On the other hand, as part of its post- cold war politics, in 2010 the US had signed agreements of strategic partnership and nuclear deal with India as a counterweight to the rising China, although India’s excess to western civil nuclear technology and military hardware and technology as a consequence of these agreements have become a source of eroding strategic balance in South Asia. Using its very close relations with the US although India is enhancing its influence in Afghanistan to the detriment of Pakistan, as already mentioned, the US also wants to build closer relations with Pakistan.

A message of ‘prescience’ that has to be rightly and pragmatically reckoned by the political and legal mentors in the US Congress, the military policy strategists in the Pentagon, and the diplomats/ policy experts in the US-State department is that engaging cooperatively and patiently with Pakistan remains the only viable option for the US.

Under the ongoing South Asia environment it appears that it would be in the strategic interest of the US to keep good relations with both Pakistan and India.

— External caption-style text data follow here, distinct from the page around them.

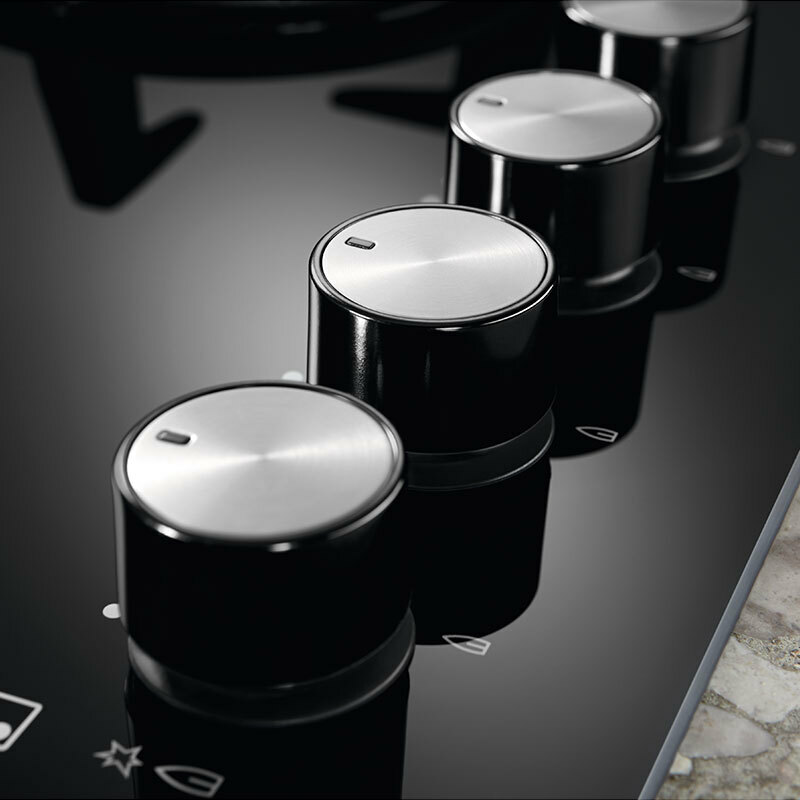 Placa de gas Electrolux KGG75362K – 5 zonas, 3 SpeedBurner, seguridad antillamas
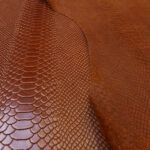 IMITACE HADÍ KŮŽE - HOVĚZÍ KŮŽE - HNĚDÁ - 0,8-1,1 mm - Obrázek 3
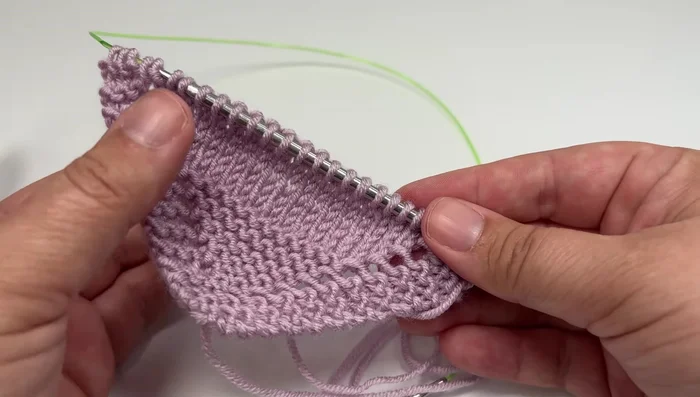 Repeat steps 4 and 5 until the desired width is reached. (For a rectangular blanket, continue to the next step; for a square blanket, proceed to step 9).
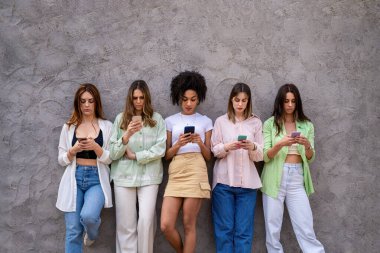İnternet içeriğine, internet ve sosyal ağa bağımlı gençler kavramına göz atan bir grup genç kadın. Sadece kadınlar vuruldu..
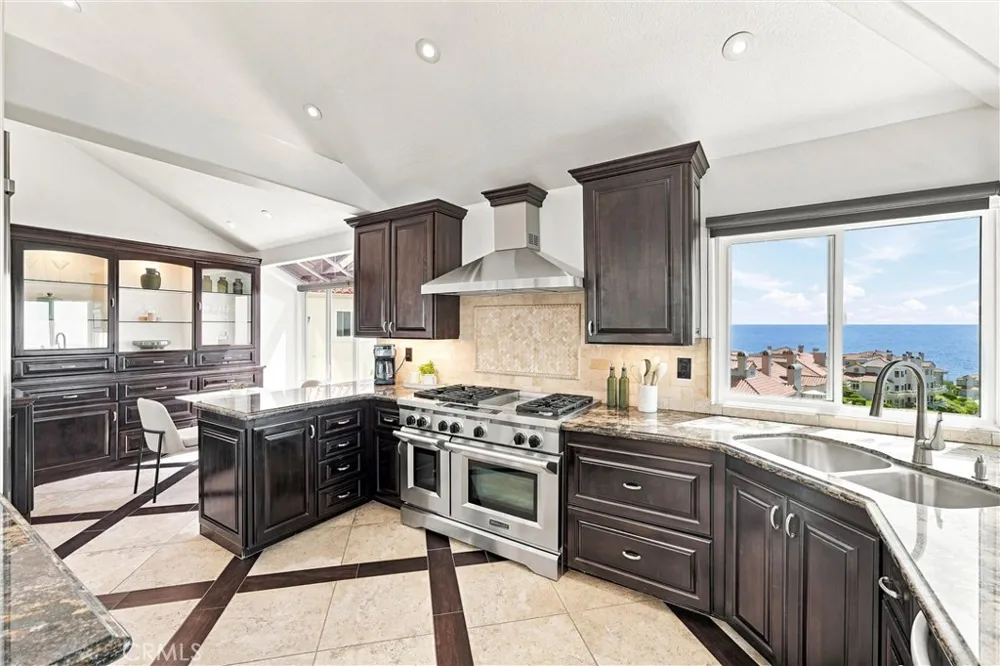 6 Cavalier Laguna Niguel, CA 92677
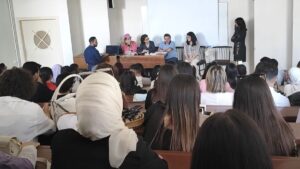 جانب من عرض مشاريع التخرج في كلية الإعلام جامعة دمشق 21 من أيلول 2025 (عنب بلدي/ أنس حاج حسين)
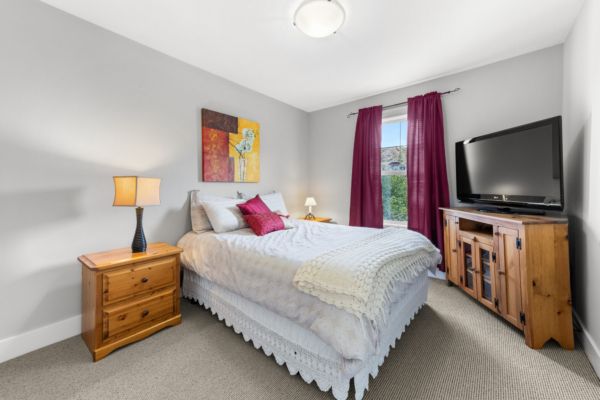 337 Providence Ave, Kelowna BC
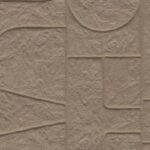 Reliefstructuur van het Arte-Terra Arcane 23913 behang in een aardetint met geometrisch patroon.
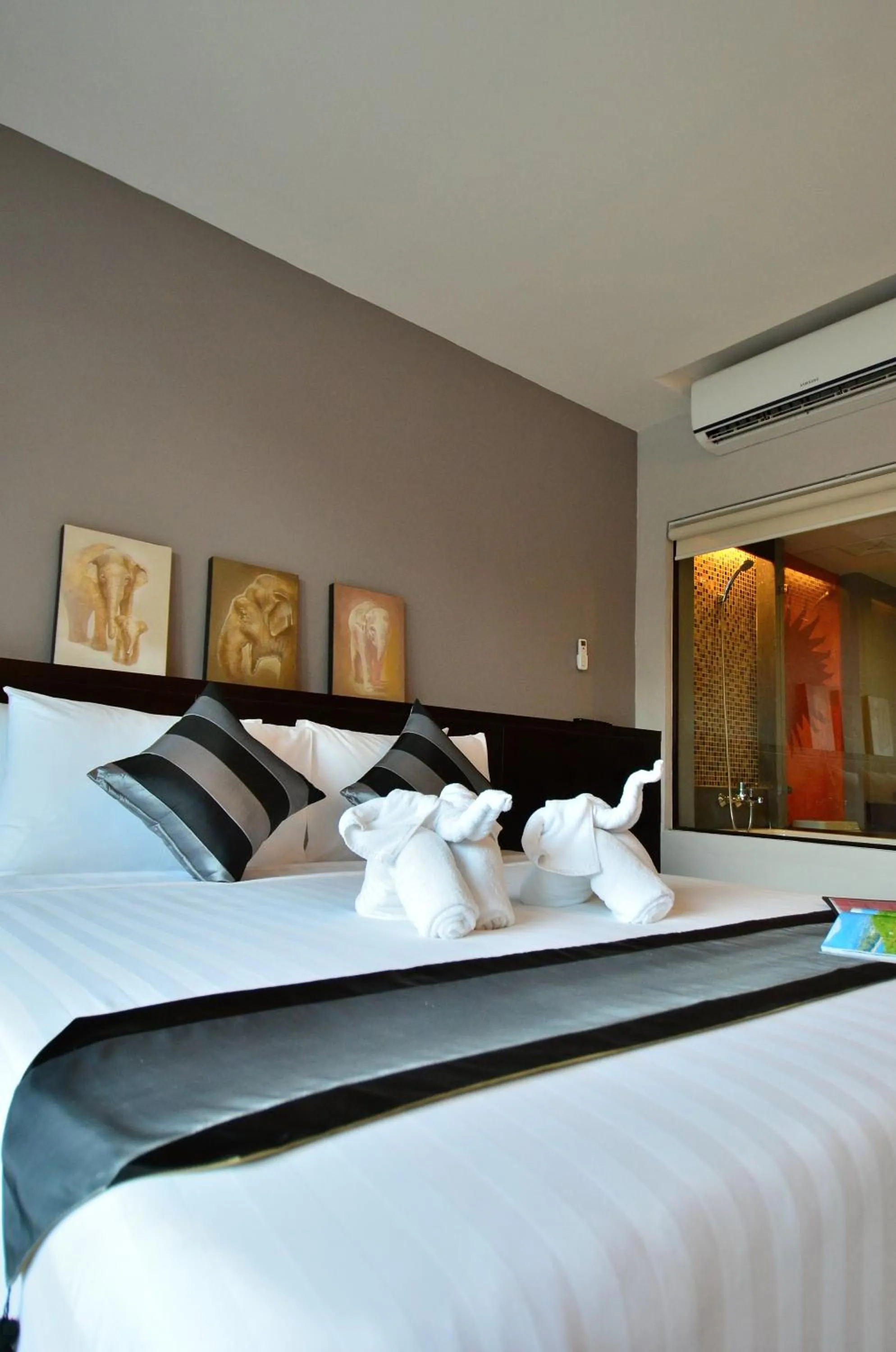 Bedroom, Bed in Chaweng Noi Pool Villa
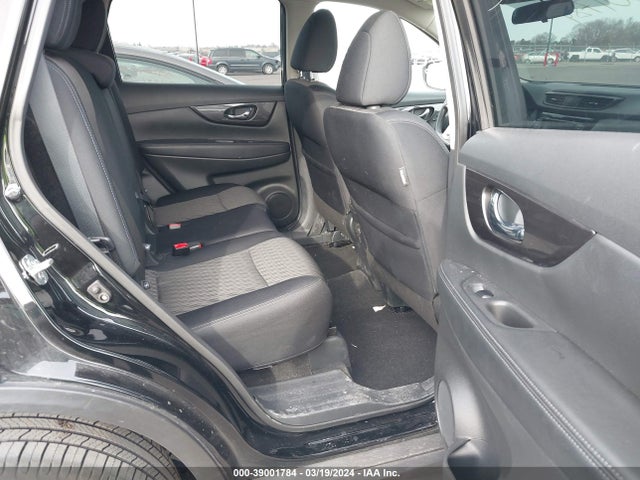 Nissan ROGUE S 2018 5N1AT2MV5JC822821 Image 8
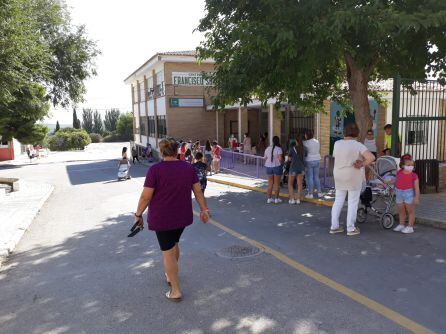 Alumnas y alumnos acompañados por familiares a las puertas de la E.I. &#039;Francisco Soriano Serrano&#039;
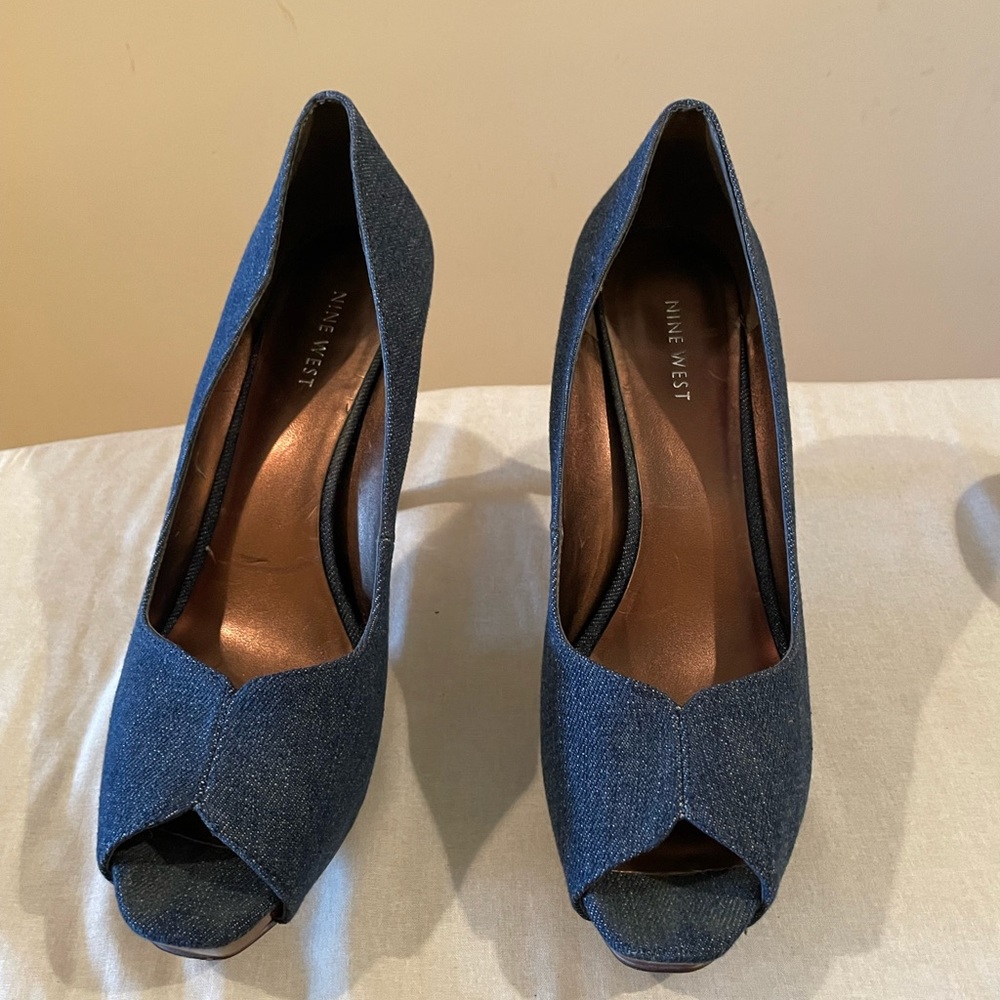Pumps/Heels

In this regard while India may be useful to the US in Asia Pacific, Indian Ocean and other parts of the world, as a friend, Pakistan will be significant for the US for keeping peace and stability in Afghanistan, Central Asia, Middle East, Persian Gulf and even Far East (being close friend of China), as also propounded by a renowned US scholar Danial Murkay in his book titled, “No Exit from Pakistan”.

To conclude, it can be said that it will serve US interests better if it keeps good and balanced relations with both Pakistan and India. For this purpose the US should seriously consider signing of agreements of strategic partnership by constraining India from destabilizing Balochistan and facilitating resolution of Kashmir dispute between Pakistan and India.